> [REQUIRED ACTION]: Could you copy the records below exactly, keeping none of the images?

====== DATA SHOWN ======

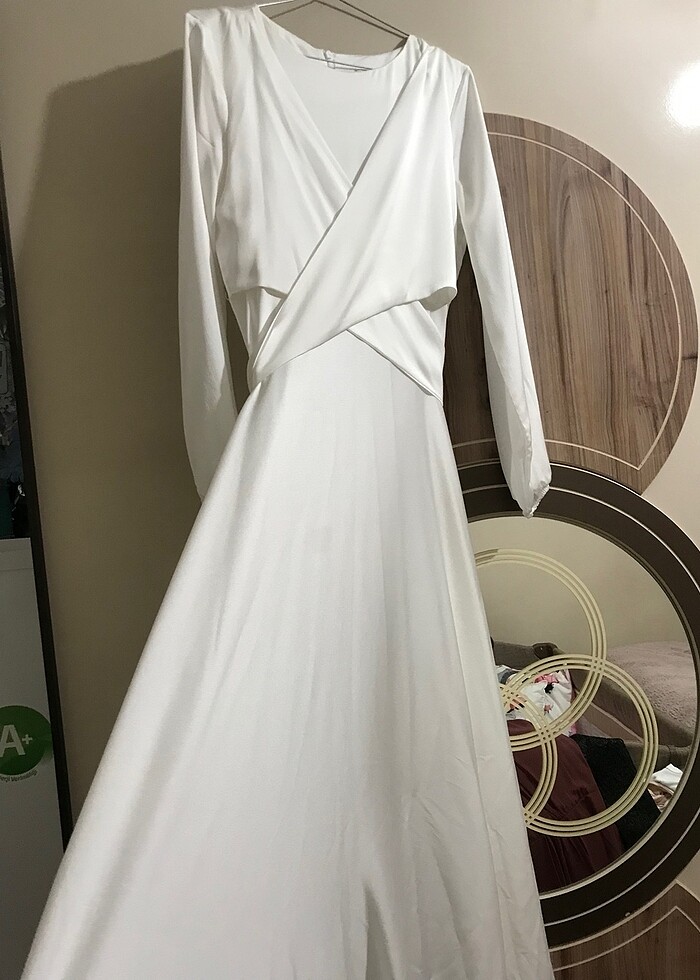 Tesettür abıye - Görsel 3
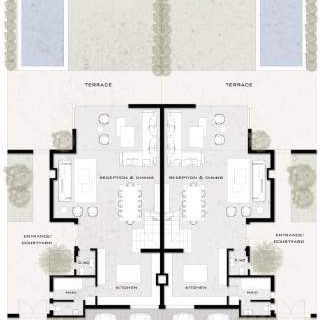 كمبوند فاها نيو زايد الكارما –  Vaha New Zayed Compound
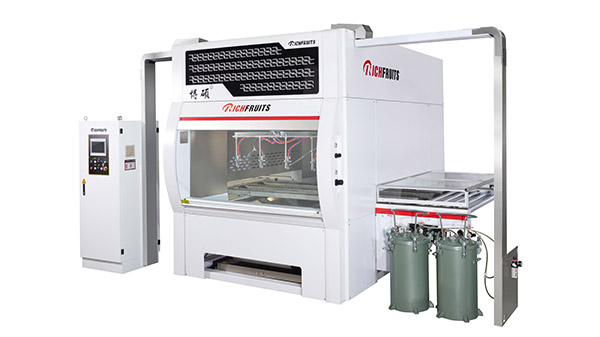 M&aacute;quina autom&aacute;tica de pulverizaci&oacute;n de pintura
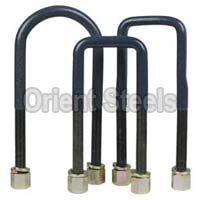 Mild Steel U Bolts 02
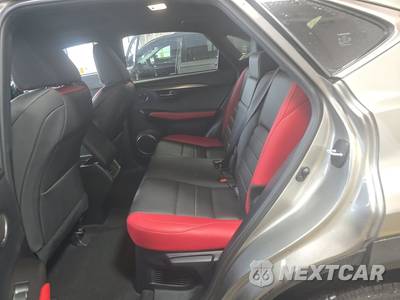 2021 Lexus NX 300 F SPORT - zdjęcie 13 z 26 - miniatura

======

> [YOUR RESPONSE]:
 Tesettür abıye - Görsel 3
 كمبوند فاها نيو زايد الكارما –  Vaha New Zayed Compound
 M&aacute;quina autom&aacute;tica de pulverizaci&oacute;n de pintura
 Mild Steel U Bolts 02
 2021 Lexus NX 300 F SPORT - zdjęcie 13 z 26 - miniatura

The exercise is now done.